2.4  Commentators and witnesses to our inquiry have suggested that in some areas of EU law, for example technical areas or in relation to the Area of Freedom Security and Justice, there is not the need for the same strict uniformity of interpretation as the ECJ achieved in the past. What is your view?

I am afraid that I disagree categorically with that suggestion.

Precisely because the answer to a question referred in respect of one of the so-called 'technical areas' often has a significant economic impact, it is extremely important not to allow a situation to develop in which the single market is undermined by variable interpretations by different national jurisdictions. Just as within the confines of a single Member State interpretation by a supreme court ensures uniformity of application in a way that is cost- and resource-efficient, so it is with the function performed by the Court of Justice in the context of the EU. As already indicated (see my answer to the previous question), a 'technical' question may also raise a related question of constitutional principle, to which a single uniform answer must necessarily be given.

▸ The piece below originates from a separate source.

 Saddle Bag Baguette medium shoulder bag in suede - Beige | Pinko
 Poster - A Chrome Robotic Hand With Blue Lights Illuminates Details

The AFSJ is an important new area of EU law, where a number of key decisions of principle will need to be taken over the next few years. Quintessentially, questions will be raised involving fundamental rights and individual freedoms and the parameters of State power. The legal provisions at issue must be interpreted uniformly if there is to be any legal certainty and predictability for persons exercising rights of free movement within the European Union. The fact that the questions may also be sensitive is no reason for departing from that basic principle.

2.5  Does the pressure to allocate cases to small chambers affect the consistency of Court judgments?

I am not sure that the term 'pressure' is correct. The reality is, rather, that the Court is conscious of the scale of its workload and seeks to allocate cases to the size of chamber that is appropriate to the case's complexity. Allocating a case (where this is sensible, in case-handling terms) to a chamber of three judges, or a chamber of five judges, rather than to the Grand Chamber, represents a significant saving in judicial manpower.

As to whether the consistency of the Court's judgments is affected adversely as a result, my answer would be, 'occasionally, yes'. Here, I would make a distinction between the chambers of three judges and the chambers of five judges. The former have in the past generally dealt with the simpler cases; and—to my knowledge—no real problems have arisen. The latter deal both cases that are a little too complex to be handled by a chamber of three, and with cases that are only just 'not worth' the Grand Chamber. I suspect that everyone who follows the Court's case-law closely has their own pet examples of divergent decisions by different chambers of five judges.[213]

2.6  Is it necessary that judges experienced in the legal system of the state relevant to the case or in the subject matter at issue are involved in each case? If so, how could this be achieved?

I am not convinced that, in practice, the former has often proved a problem. Normally the Member State concerned intervenes and explains (in writing and later orally, if a hearing is held) the niceties of its legal system. Members of the formation of judgment (in particular, the Reporting Judge) and the Advocate General often ask questions precisely in order to elucidate such detail. However, if it were thought desirable, the rules of procedure could be amended so that, in this respect, they mirrored those of the European Court of Human Rights and guaranteed that the judge from the Member State whose court had made the reference would always be part of the formation of judgment.

So far as the latter is concerned, national traditions differ as to whether it is considered desirable to be able to adjust the composition of the formation of judgment hearing a case, so that those judges sit who have a particular expertise in the subject-matter, or whether, on the contrary, this comes dangerously close to violating the principle of the 'juge légal'. It might also give rise to significant organisational difficulties. On the possibility of creating specialist chambers within the Court of Justice, please see the answer to question 2.3 above.

2.7  You have highlighted two bottlenecks, the process for the replacement of judges and translations. What are the potential solutions?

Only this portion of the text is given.